Hello Tejun et al, On 9/13/06, Tejun Heo <htejun@xxxxxxxxx> wrote:
Ric Wheeler wrote: > (Adding Tejun & Greg KH to this thread) Adding linux-ide to this thread. > > Leon Woestenberg wrote: [--snip--] >> In short, I use ext3 over /dev/md0 over 4 SATA drives /dev/sd[a-d] >> each driven by libata ahci. I unplug then replug the drive that is >> rebuilding in RAID-5. >> >> When I unplug a drive, /dev/sda is removed, hotplug seems to work to >> the point where proc/mdstat shows the drive failed, but not removed. Yeap, that sounds about right.
I suppose this is 'right', but only if we think of a hot unplugged device as a failing device. As in most cases we cannot tell if the hot unplug was intentional or not (because we see a device disappearing from the phy and we have no other sensory data available), assuming the drive 'fails' seems reasonable.
>> Every other notion of the drive (in kernel and udev /dev namespace) >> seems to be gone after unplugging. I cannot manually removed the drive >> using mdadm, because it tells me the drive does not exist. I see. That's a problem. Can you use /dev/.static/dev/sda instead? If you can't find those static nodes, just create one w/ 'mknod my-static-sda b 8 0' and use it.

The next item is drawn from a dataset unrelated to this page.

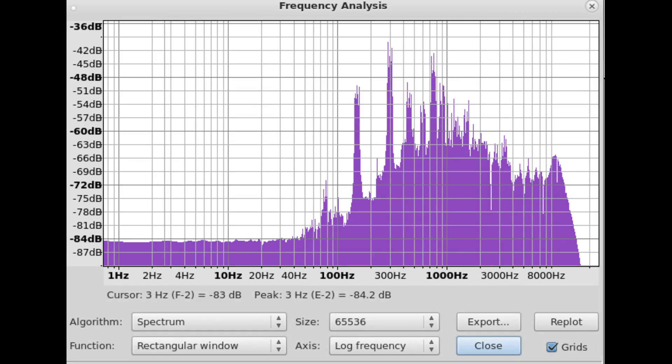In the spectrum analysis box below the graph are four boxes. Set them to ALGORITHM SPECTRUM, SIZE 65536, FUNCTION RECTANGULAR WINDOW, AXIS LOG FREQUENCY. You'll notice that the axis that runs along the bottom, the X-axis, is frequency from basically 1 to 8000 Hz. The Y-axis along the left side of the box is in decibels and measures the amplitude.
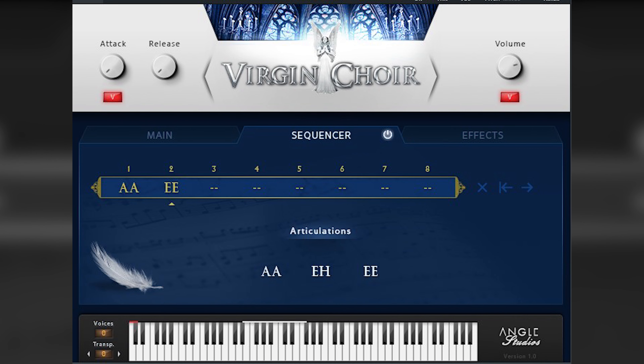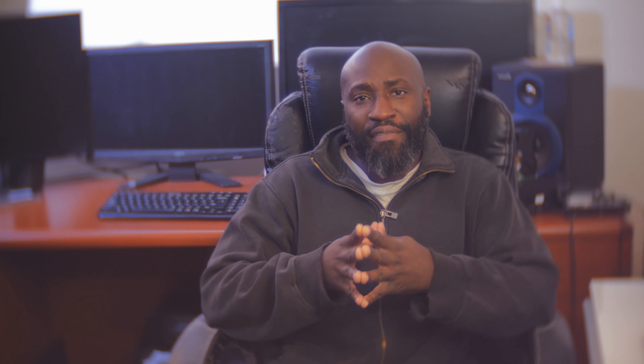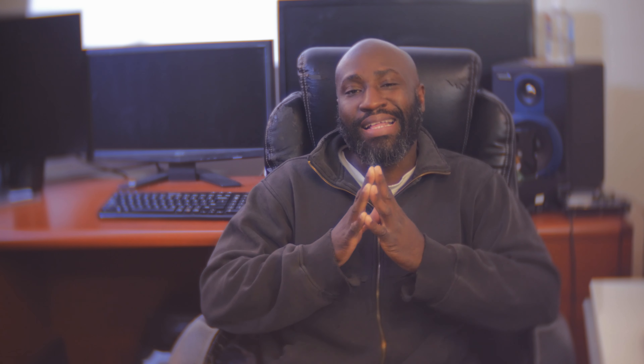The free app for this Monday is from a company called Angle Studios, and the plugin is called Virgin Choir. This VST has three vocal articulations with a natural, lush sound that'll help breathe life into your orchestration or wherever you choose to use it.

Yes, that works. Also, replugging brings back the device as /dev/sda, indicating md is no longer holding the internal lock.
Apart from persistent naming Ric mentioned above, the reason why you don't get sda back is md is holding the internal device. It's removed from all visible name spaces but md still holds a reference, so the device cannot be destroyed.
To me, this seems a bug, as the kernel already told everyone else (userland) that it thinks the device is no longer there. This contradicts the fact that the kernel itself has dangling references to it.
So, when a new device comes along, sda is occupied by the dead device, and the new one gets the next available slot, which happens to be sde in your case. >> What is the intended behaviour of md in this case? >> >> Should some user-space application fail-remove a drive as a pre-action >> of the unplug event from udev, or should md fully remove the drive >> within kernel space?? I'm curious too. Would it be better for md to listen to hotplug events and auto-remove dead devices or is it something which belongs to userland?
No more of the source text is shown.